Assim, face ao expansionismo unipolar EUA-Reino Unido, e dentro do “coração” terrestre do planeta, a China e a Rússia concordaram em 1997 em construir uma instituição de segurança conjunta, chamada Organização de Cooperação de Xangai (OCS), finalmente fundada em 2001, que incluía o Cazaquistão, o Quirguistão, o Tajiquistão e o Uzbequistão. Hoje a OCS é vista no Ocidente geopolítico como uma “Otan paralela”, à qual a Índia, o Paquistão e o Irã aderiram desde 2015 (também tem como membros observadores a Bielorrússia, o Afeganistão e a Mongólia, e parceiros de diálogo, como a Turquia, o Sri Lanka, a Armênia, o Camboja e o Nepal).
Por sua vez, a maioria desses países partilha a iniciativa estratégica chinesa denominada Iniciativa Cinturão e Rota (ICR). Juntamente com o Banco Asiático de Investimento em Infraestruturas (BAII) e outras instituições, como os bancos estatais chineses, expressam instrumentos de peso geopolítico que reúnem um grande número de países e regiões do mundo num quadro institucional paralelo. Por sua vez, o crescimento sustentado do orçamento militar da China, ainda inferior ao dos EUA, e a proliferação de novos conflitos territoriais agravam as contradições que temos nos referidos.

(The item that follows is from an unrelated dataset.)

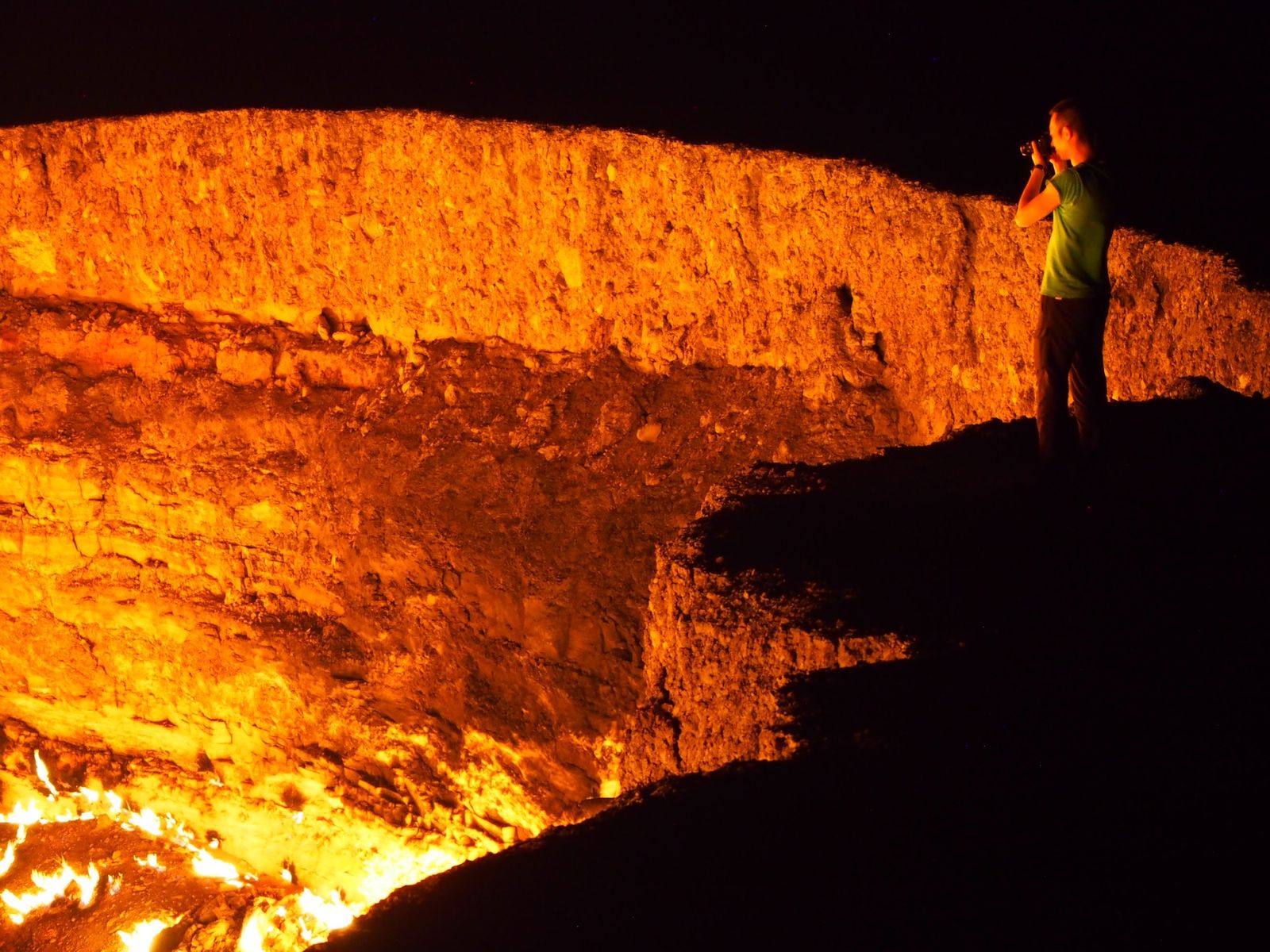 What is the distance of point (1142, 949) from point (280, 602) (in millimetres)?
6796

No Mar da China Meridional, fundamental para a economia global, uma vez que mais de um terço do comércio mundial flui por meio dele, novas tensões foram registadas nos últimos anos envolvendo atores fronteiriços como Taiwan, Filipinas, Malásia, Brunei e Vietnã, além da própria China. Esta reivindica a propriedade histórica do chamado Mar da China Meridional, como parte da sua reivindicação de soberania e direitos marítimos. Paralelamente, desde 2010, multiplicaram-se os confrontos, dos quais os EUA também têm feito parte como ator extraterritorial. A China tem mantido a sua postura de defesa daquilo que considera parte do seu território e tem procurado impor-se com base no seu poderio militar, na magnitude da sua influência produtiva e comercial e nas suas propostas geoeconômicas.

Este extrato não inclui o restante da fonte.